The relevant steps are (I'm using a single in and out particle to simplify the expressions): $$ \begin{align} \langle 0|a_{2}(+\infty)a_1^\dagger(-\infty)|0\rangle &= \langle 0|{\rm T} a_{2}(+\infty)a_1^\dagger(-\infty)|0\rangle\\ &= \langle 0|{\rm T} \left(a_{2} (-\infty)+\int dt_{2} \partial_0 a_{2}(t_{2})\right) \left(a_{1}^\dagger (+\infty)+\int dt_{1} \partial_0 a_{1}^\dagger(t_{1})\right)|0\rangle \\ &= \langle 0|{\rm T} \left(\int dt_{2} \partial_0 a_{2}(t_{2})\right) \left(\int dt_{1} \partial_0 a_{1}^\dagger(t_{1})\right)|0\rangle \\ &= \int dt_{1}dt_{2} \langle 0| {\rm T}a_{2}(t_{2})a_{1}^\dagger(t_{1})|0\rangle \\ \end{align} $$ Here the distributive property is used twice: first to make the ladder operators annihilate the vacuum states (line 3) and then to exchange the time ordering symbol with the integral operator (line 4).
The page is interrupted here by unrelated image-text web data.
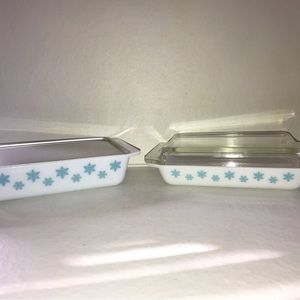 Set of PYREX Snowflake Dishes - 548-B & 575-B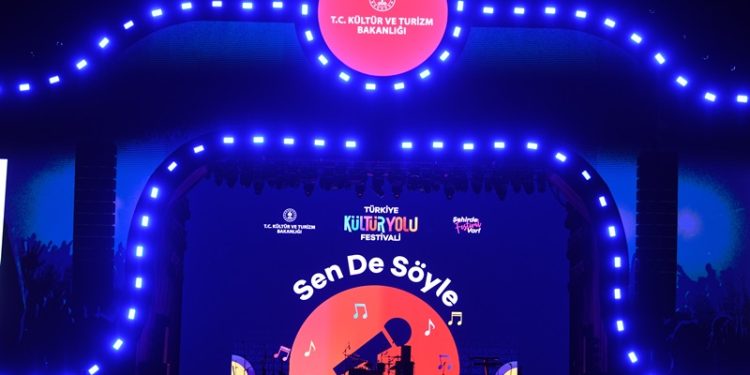 Türkiye Kültür Yolu Festivali amatör seslere de şans veriyor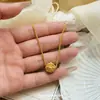 Colar Flor Dourada para Mulheres, Acessório de Luxo de Alto Padrão de Nicho, Corrente Exquisita para Clavícula, Novo Estilo Chinês, Aço Titânio, Não Desbota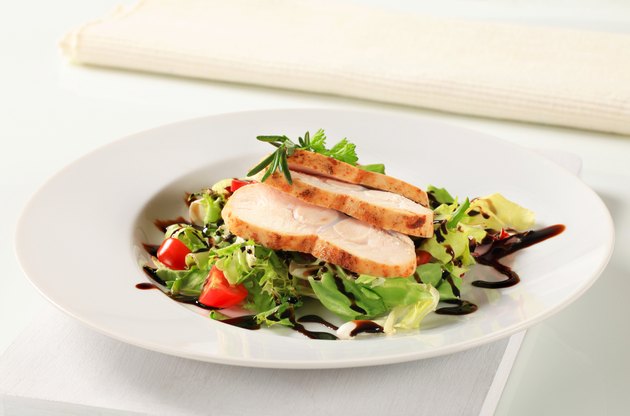 Chicken breast with green salad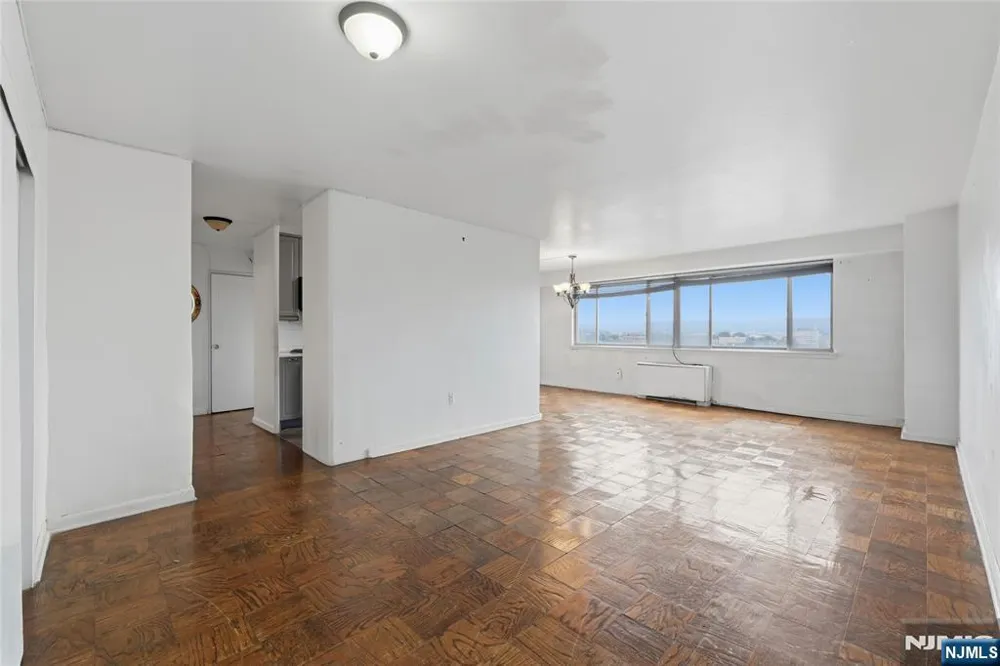 275 Prospect Street 14B East Orange, NJ 07017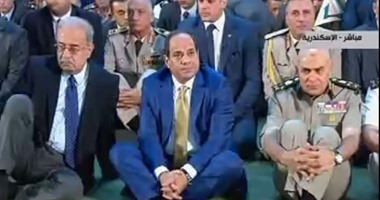 بالفيديو..الرئيس السيسى يصل مسجد محمد كُريم بالإسكندرية لأداء صلاة العيد 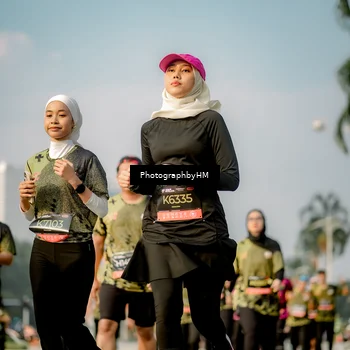 Runner Photo 6714456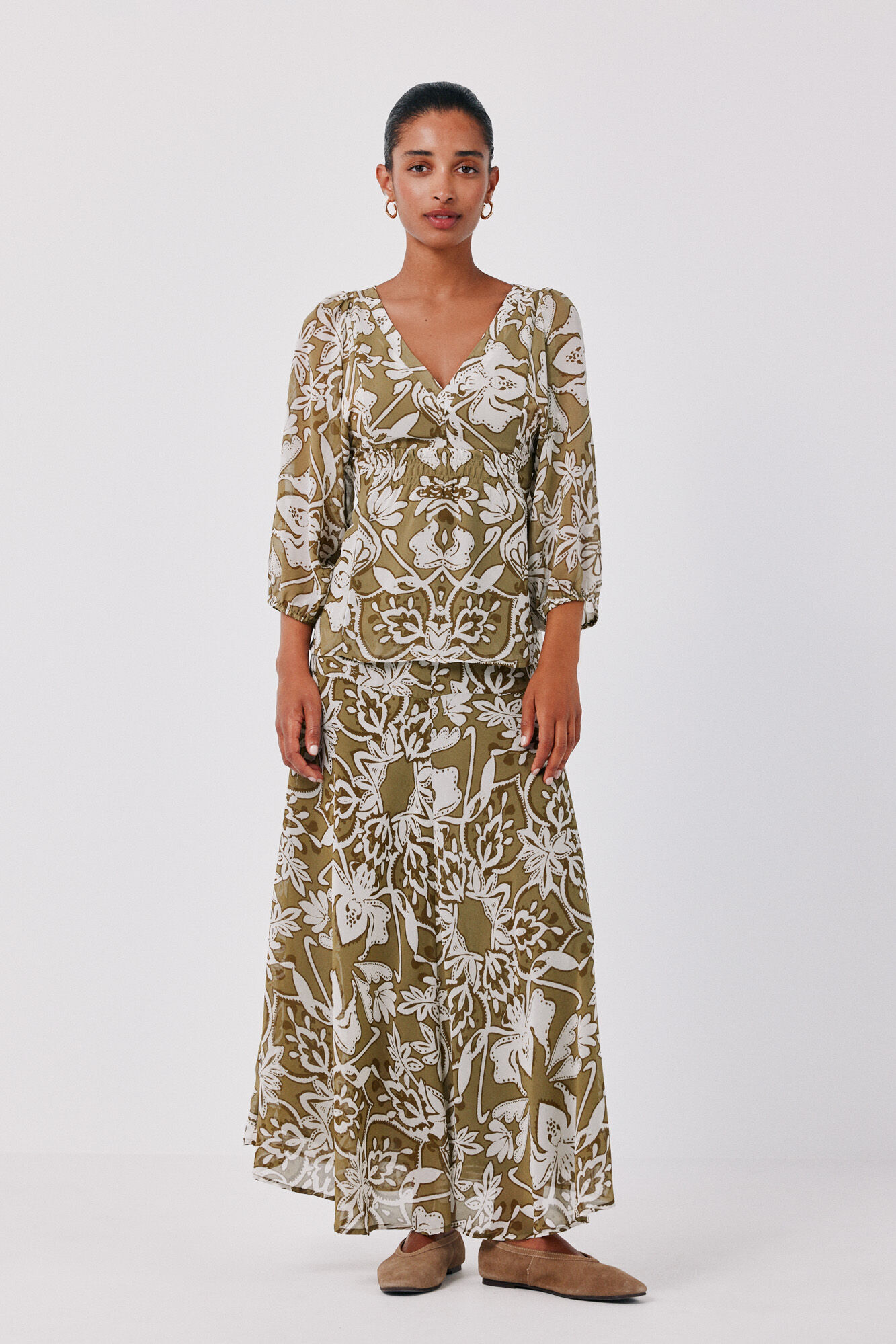 Skirt and blouse set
The final expression is they way I expect it: it is only natural that operators should be applied in the order given by their time argument. However this property is far from trivial, since it works even when an operator is decomposed into a sum of operators at different times.

So my questions are: what are the conditions (e.g. which operators, how should they be decomposed..) for this property to hold? And, most important, is there a proof of it?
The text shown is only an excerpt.